Leaving out the pictures, return word for word the stretch of entries below from the line holding "Kia e-Niro ExecutiveLine" through the line holding "Breitling Avenger A13371 2018".

-------- Data listing

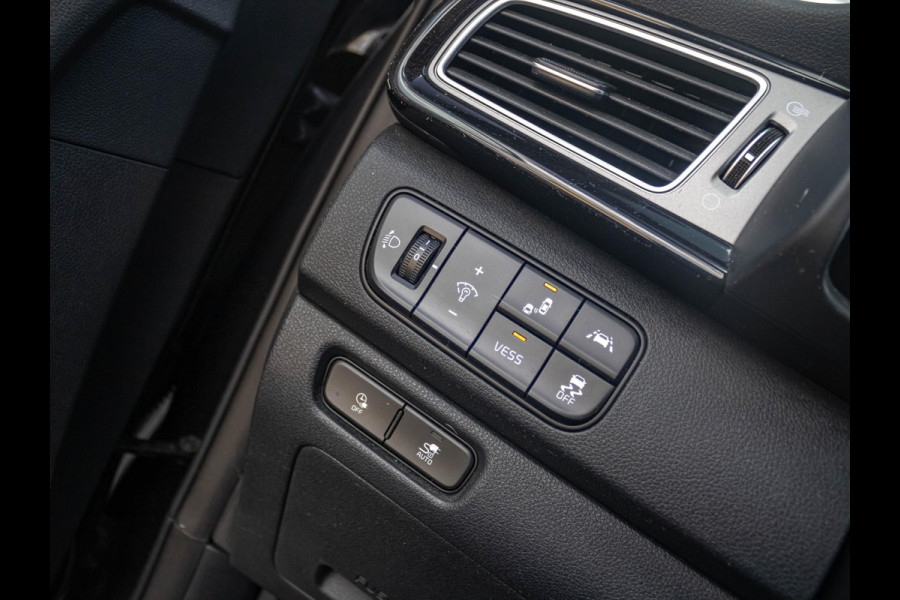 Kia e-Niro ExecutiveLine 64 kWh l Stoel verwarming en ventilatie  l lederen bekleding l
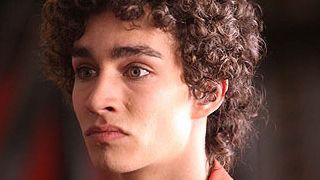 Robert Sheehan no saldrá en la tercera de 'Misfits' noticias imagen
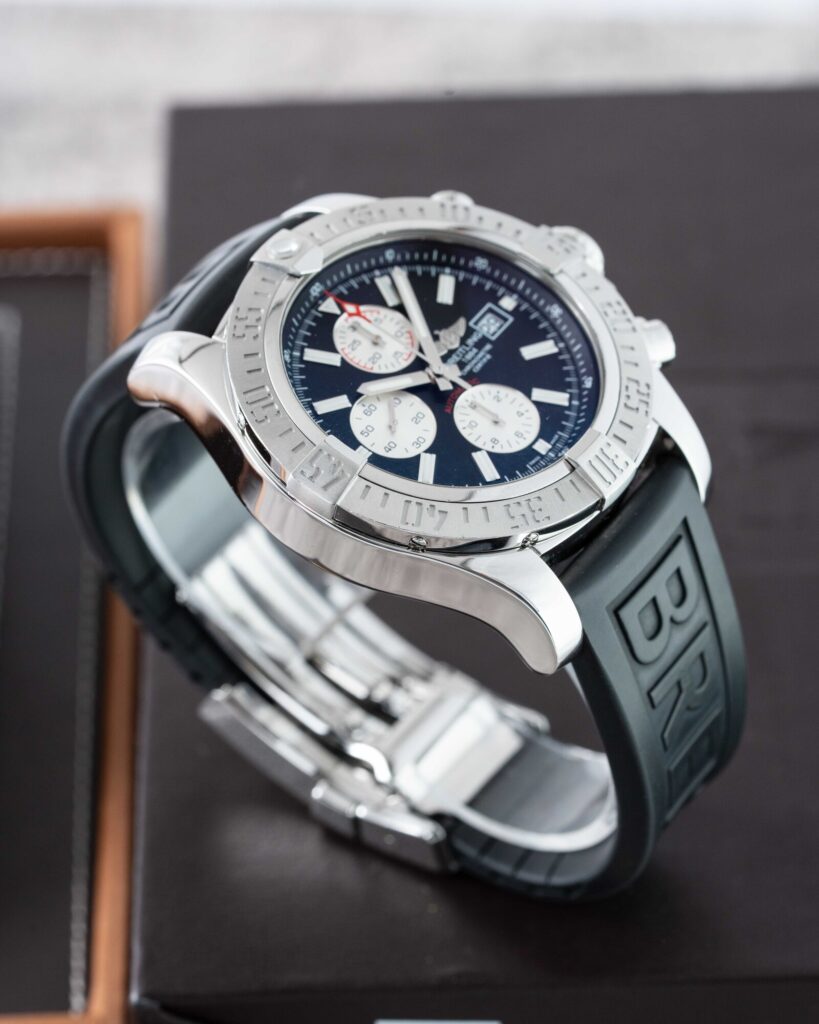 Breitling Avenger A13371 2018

----------------
-------- Data listing

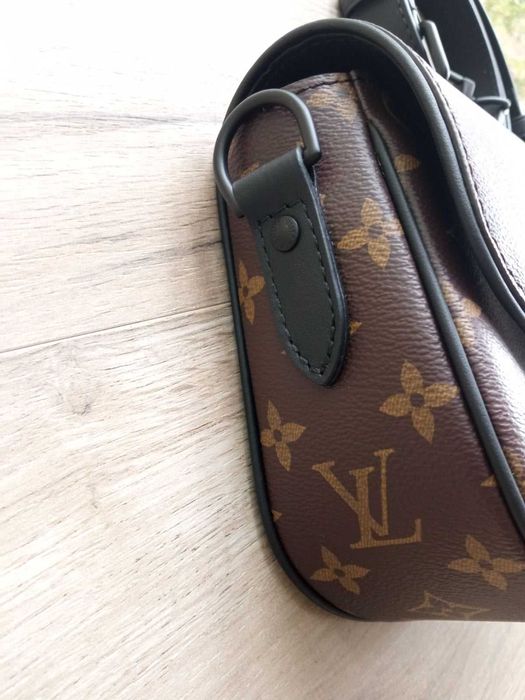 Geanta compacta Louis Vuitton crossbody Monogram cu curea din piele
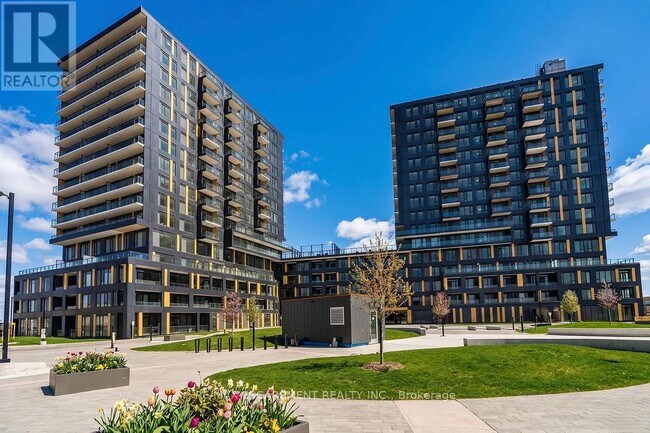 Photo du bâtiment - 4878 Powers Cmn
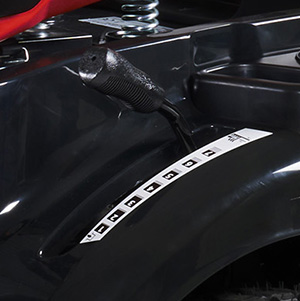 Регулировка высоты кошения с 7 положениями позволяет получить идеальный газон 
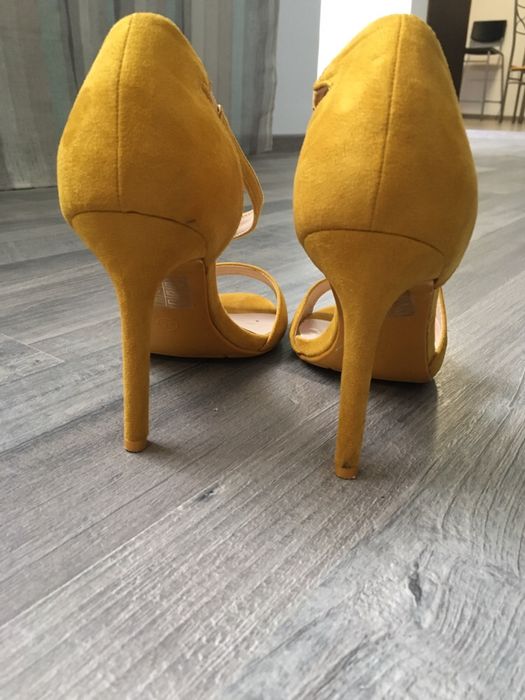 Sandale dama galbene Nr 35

----------------

* _Written response_:
 Kia e-Niro ExecutiveLine 64 kWh l Stoel verwarming en ventilatie  l lederen bekleding l
 Robert Sheehan no saldrá en la tercera de 'Misfits' noticias imagen
 Breitling Avenger A13371 2018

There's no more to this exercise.